And the media knows this quite well. So beyond putting full effort into discrediting any potential GOP contender, I expect them to amplify this division in an effort to muddy the primary battles about to come. That’s why this bridgegate story has become the most important story of the week to the media. It’s a double dip. They finally get a lever to ding the unbelievably popular GOP governor in a blue state, but they also get to excite the conservative base and create more outrage than would organically be there.

The Democrat Controlled Media will pile on regardless.

The RINOs have sworn in the media to take down the tea party at all costs and they join in with the liberals in attacking us.

This is hard ball and I, for one, will not give Christie one iota of slack.

If the GOP Establishment thinks it doesn’t need the GOP Base, then they are on their own.

    Sure, the ‘Rat/media pig pile on Christie is just a warmup for the next popular ‘Ican potential candidate, but the ‘Icans are not organized, at this time, to do anything to prevent it. Let the yellow dog ‘Rats sharpen their teeth and claws on Christie to serve as a reminder to potential replacement frontrunners that there is a price to be paid for donning kneepads to deal wity ‘Rats, and to serve as a warning to the ‘Ican Party of the need for proactive public relations to counter the inevitable ‘Rat/media smears. G.W. Bush proved that silence in the face of a broadside doesn’t work. My country and Constitution trump any individual’s delusional desire for a New Tone.

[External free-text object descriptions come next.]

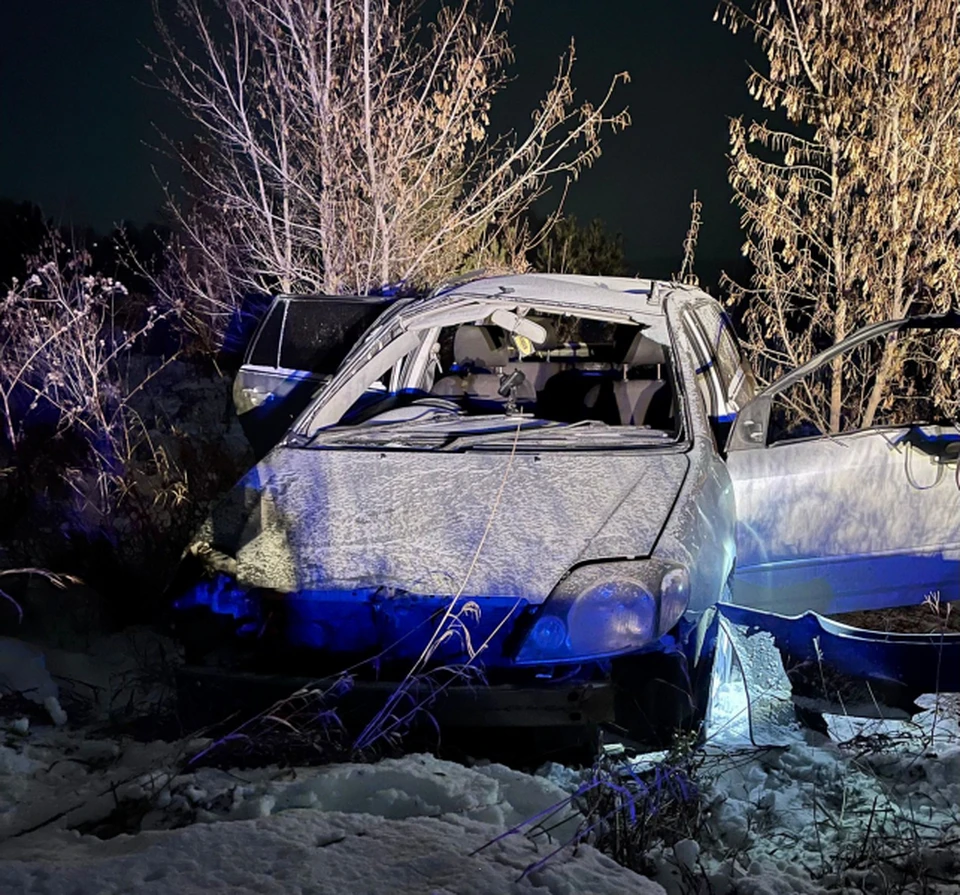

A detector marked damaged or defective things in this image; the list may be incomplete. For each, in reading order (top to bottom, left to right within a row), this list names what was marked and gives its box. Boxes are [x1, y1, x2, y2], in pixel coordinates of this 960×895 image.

crushed hood [191, 446, 688, 604]
severely damaged car [172, 274, 960, 748]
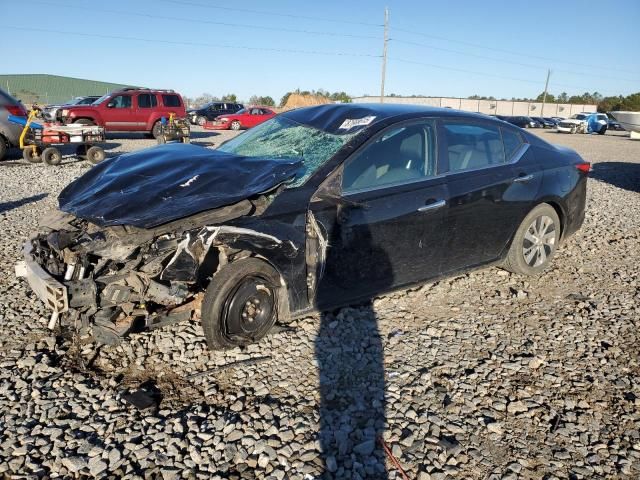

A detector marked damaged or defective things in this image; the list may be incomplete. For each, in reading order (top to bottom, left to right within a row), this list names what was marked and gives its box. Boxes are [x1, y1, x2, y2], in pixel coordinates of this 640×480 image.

deployed crumpled hood [58, 142, 302, 229]
shattered windshield [218, 116, 352, 188]
wrecked black car [17, 104, 592, 348]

Christie has attacked conservatives and worked with the left to their advantage. He is not one of ours and we should not go out of our way to defend him.

In fact, making him an example is a damn good idea – so conservatives should be piling on him. Hopefully the next so-called moderate Republican will reconsider the politics of collaboration with the left.

Note that this is something the left, from their side, has done to great success. There are Democrats who sound less liberal when running for office, but when they are needed the all invariably do whatever the left needs them to do – there are no longer any moderate Democrats…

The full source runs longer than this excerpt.